Matt Hoffman, Senior Editor for NeurologyLive, has covered medical news for MJH Life Sciences, NeurologyLive’s parent company, since 2017. He hosts the NeurologyLive Mind Moments podcast, as well as Second Opinion on Medical World News. Follow him on Twitter @byMattHoffman or email him at firstname.lastname@example.org
MediciNova will be moving forward with a phase 2b/3 clinical trial of the ALS therapy, also known as MN-166, in 150 patients. If successful, its data will be used to support an NDA.
Yuichi Iwaki, MD, PhD
The FDA has completed its protocol review for a phase 2b/3 clinical trial of ibudilast, also known as MN-166, in amyotrophic lateral sclerosis (ALS) and has decided to allow for its manufacturer MediciNova to move forward with its development.1
If the trial is successful, the company has stated that it will use the data to support a new drug application (NDA) to the agency for ibudilast. The treatment is an anti-inflammatory and neuroprotective oral agent, and a first-in-class, small molecule inhibitor of phosphodiesterase-4 and -10, as well as macrophage migration inhibitory factor (MIF).
“We are very pleased to have successfully completed the FDA review period and look forward to initiating patient enrollment shortly,” Yuichi Iwaki, MD, PhD, president and chief executive officer of MediciNova, said in a statement. “While we acknowledge this was an important milestone, and we have a clear path forward, this moment is of great importance to the ALS community. We give them our sincerest appreciation for their patience and optimism.”
Iwaka also noted that after completion of the trial’s treatment period, patients will be eligible to receive the study drug from the manufacturer.
The new study’s design was determined based on the review and conversation about ibudilast’s phase 1b/2a trial results with the FDA. It will be a multicenter, 2-arm, randomized, double-blind, placebo-controlled trial, which will compared ibudilast to placebo in a cohort of approximately 150 patients with ALS. Patients will be randomized 1:1 to receive either 100-mg/day ibudilast or placebo for a period of 9 months, with the primary end point measured as the mean change in functional activity at Month 9 as measured by the ALS Functional Rating Scale-revised (ALSFRS-R) score.
Secondary end points are expected to include the mean change from baseline of muscle strength as well as quality of life, the time to and use of a clinically indicated prescription for non-invasive ventilation, and of course, safety and tolerability.

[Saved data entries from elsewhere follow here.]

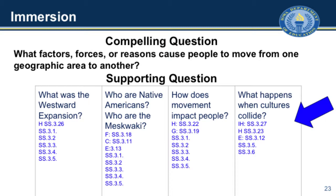When I'm making sure that I'm creating my supporting questions, I want to think through those disciplines too. This is a historical question here. If we go to my next supporting one — who are the Native Americans and who are the Meskwaki — that's looking at groups of people. That's going to hit some behavioral science. That's also going to hit some political scientist activist types of questions. It's who are those people in that way, so I have that realm that I know.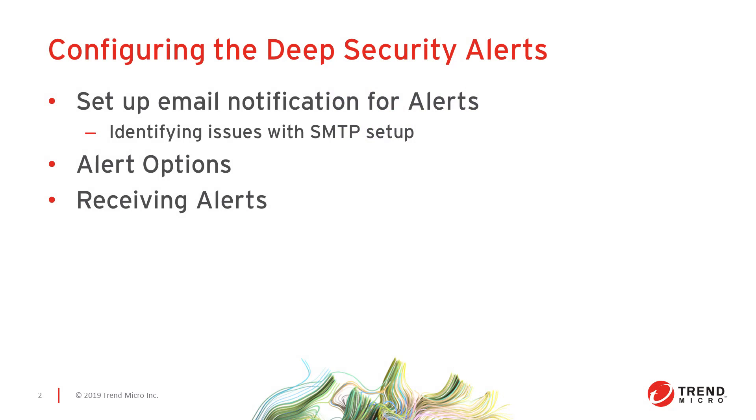In this video we're going to review the Alerts feature in Deep Security. We'll go over the configuration for receiving email notifications for alerts, the alert options, and receiving and reviewing alerts. There are also events that occur for each protection module and for the overall system that can lead to alerts being generated, but in this video we're only going to cover the Alert feature.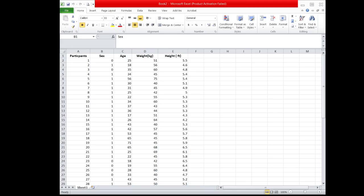Hello, this is another video tutorial on how to use pH stat and finding the measures of variation such as range, variance, standard deviation, and coefficient of variation.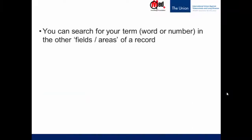We can search for our term — which could be a word or even a number — in other parts of the bibliographic record. In principle two, we asked the search engine in PubMed to look for our term in the list of MeSH terms. Here, we are going to tell the search engine to look for our term in specific fields or areas of a record.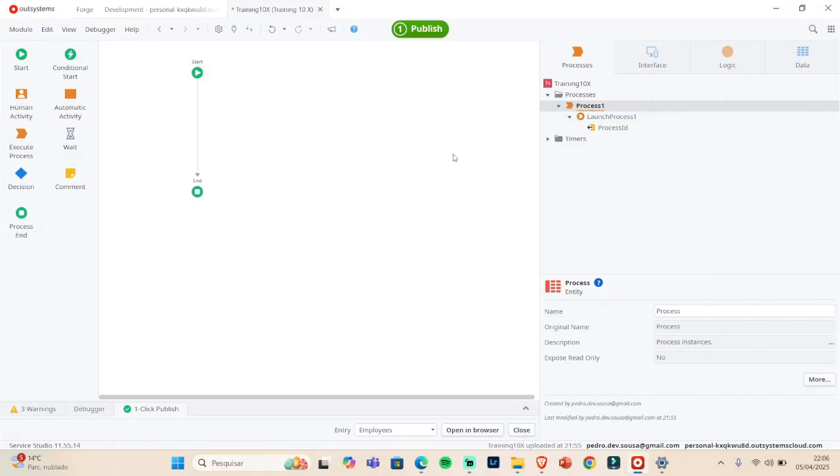Hi and welcome back here to the video. This is the second part of the process. If you didn't watch the first video, the first part, please do so. In this video I'm going to cover the two ways that I know to launch a process in our systems.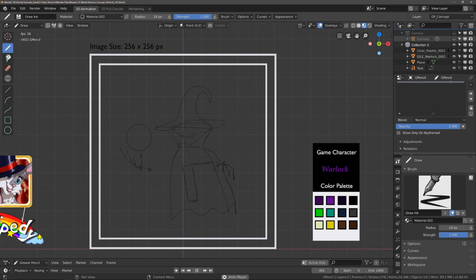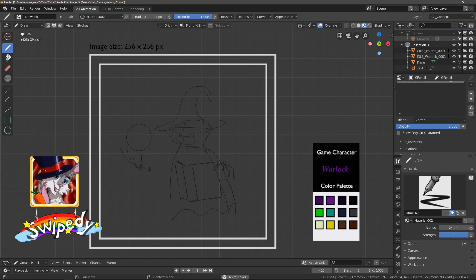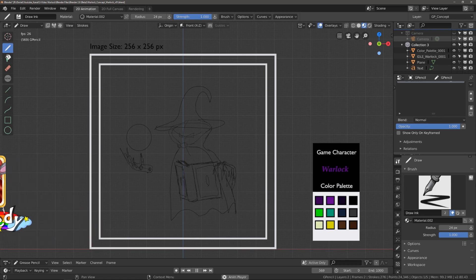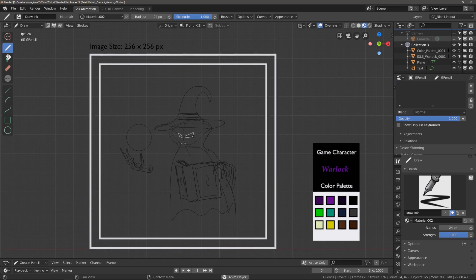I have made a game called Sweepedy, you can find the link in the description. It is free to play and made with Blender's Grease Pencil. I hope you liked this video and now enjoy!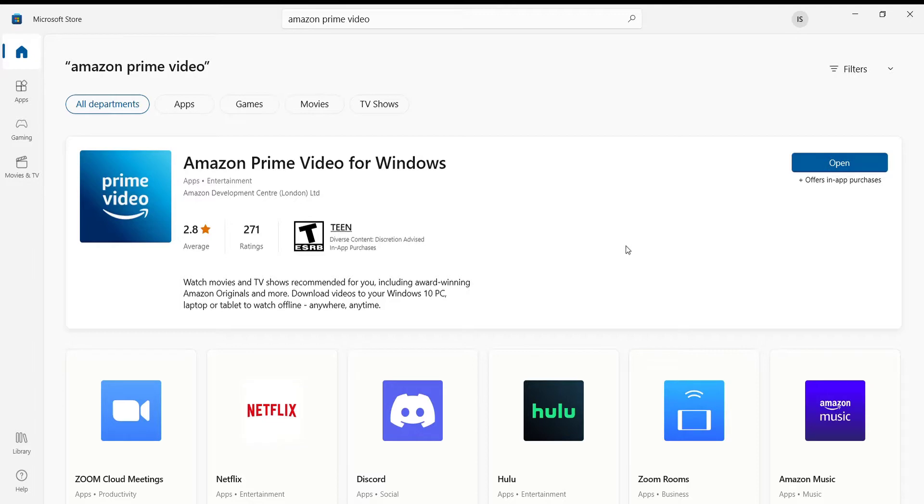I hope this video helped you to install the Amazon Prime Video application on your device. Don't forget to like, share, and subscribe to the channel for more useful tutorials. Thank you for watching.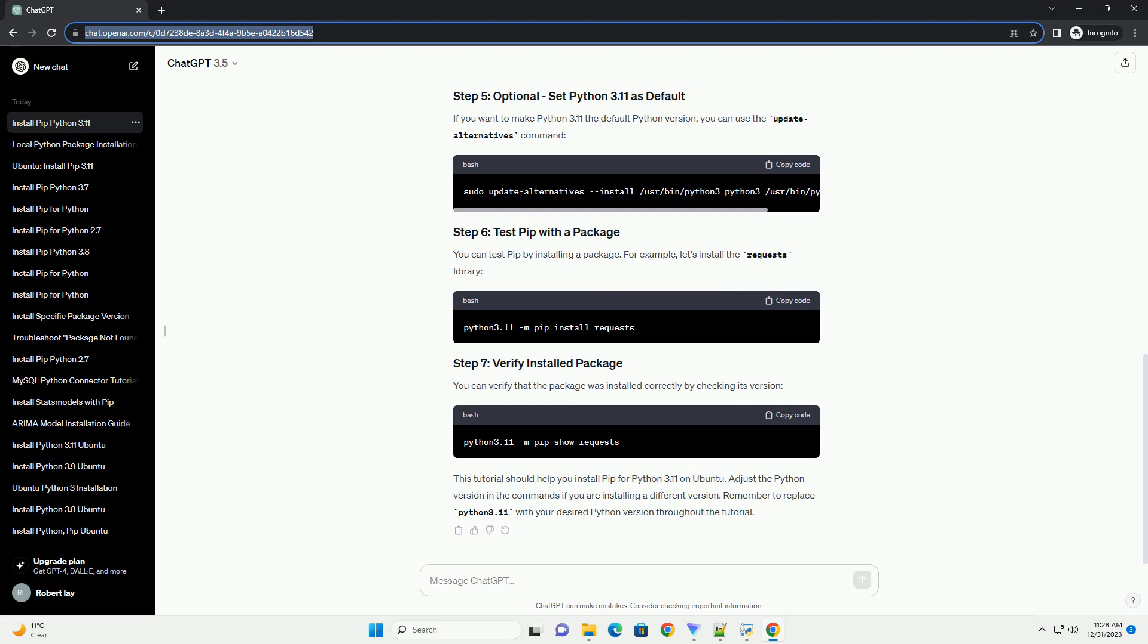If you want to make Python 3.11 the default Python version, you can use the UpdateAlternatives command. You can test pip by installing a package. For example, let's install the requests library. You can verify that the package was installed correctly by checking its version.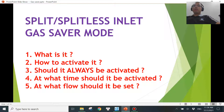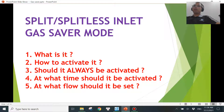All right, so let's get into this video. We'll be answering the first two questions, and a couple of other videos will be answering the rest of the questions listed here. So let's jump right into what is gas saver mode.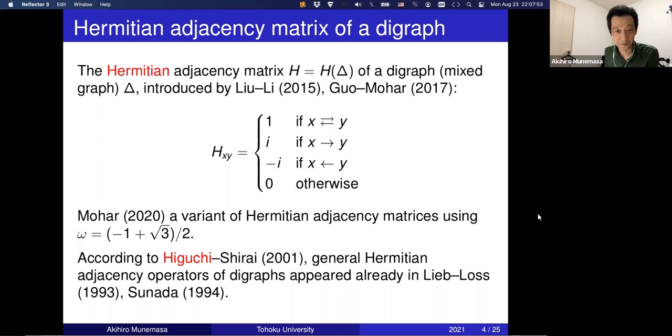Although my entire talk is about algebraic graph theory rather than quantum information, I was lucky to attend a domestic conference where Yusuke Higuchi mentioned Mohar's work and pointed to earlier work by quantum physicists including Elliot Lieb. According to Higuchi's joint paper with Shirai in 2001 and earlier papers by Lieb, Loss, and Sunada in the 1990s, they already considered adjacency operators of digraphs — essentially the same Hermitian operators in a more general setting. This is the only connection to quantum physics in my talk; the rest is purely algebraic graph theory.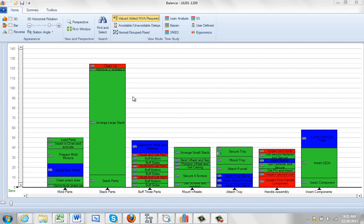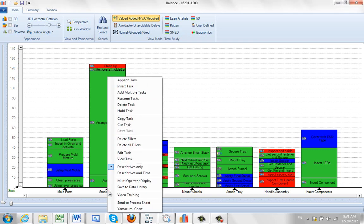Now there's two different ways to do it, but the one we're going to talk about here is actually going to copy this. It needs to add an additional station. So we hit the right mouse button on the task down at the bottom, and we say copy task.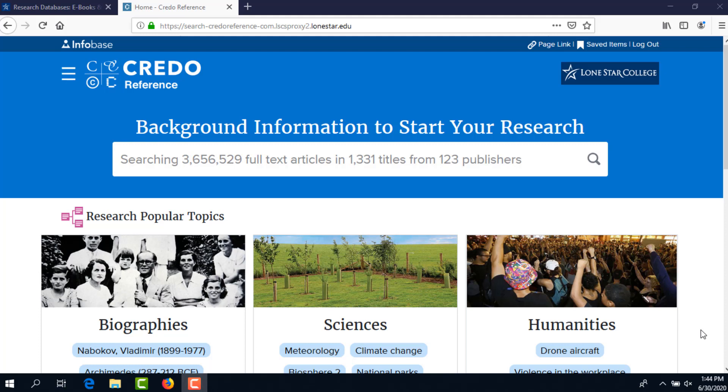In addition to other uses for your research, you can use Credo Reference at the beginning of the research process to get background information about your topic. As an example, let's say that you've been instructed to write a paper or give a presentation on Jungian Psychology for one of your classes. What is Jungian Psychology? Let's get some background information about it.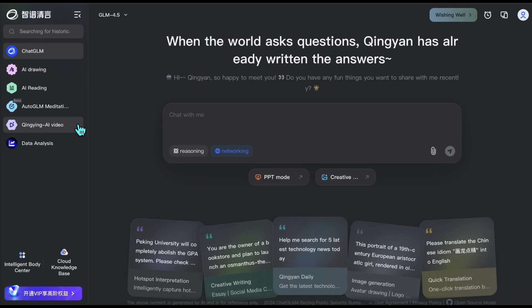As you can see, there are many tools available here, including chat, drawing, reading, and video options. In fact, rather than just a tool, we can see ChatGLM as an AI lab. Let's generate the images and animation prompts we'll use to create our animation video.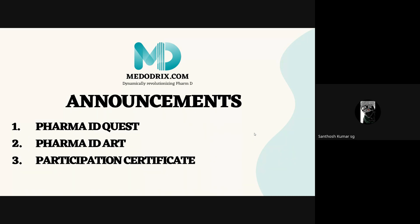Poster competition rules: participants may make posters using paint, sketch, or digital mode; content should be unique; no specific size required. The theme is World ID Pharmacist Day — 'Join the Fight: Pharmacists Engaging Communities in Antibiotic Stewardship.' Submissions are due on or before May 25th, 2024. The submission email is medowdrix@gmail.com and results will be announced on May 22nd, 2024.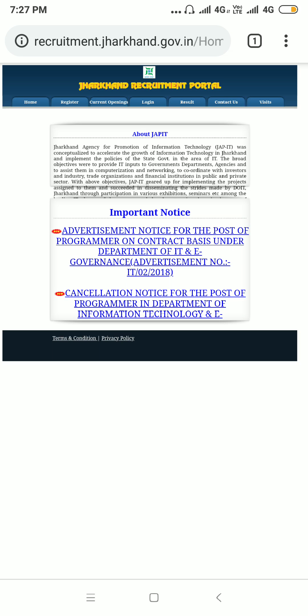Hello friends, welcome to the YouTube channel of Quick Solution. In this video I am going to show you and tell you complete details about one of the latest vacancies posted by the Government of Jharkhand in their recruitment portal. If you want to do a job in the government sector, then this video is definitely helpful for you.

MediciNova indicated that patients will be eligible if their disease onset is no more than 18 months before screening, they have at least 1 documented ALSFRS-R score of at least 35 between 3 and 6 months prior to screening, or if they have used riluzole (Rilutek, Sanofi) for at least 30 days before initiation of study drug. Patients who are on edaravone (Radicava, MT Pharma) or dextromethorphan/quinidine (Nuedexta, Avanir) may also qualify for enrollment, though treatments must be suspended 3 months prior to signing consent.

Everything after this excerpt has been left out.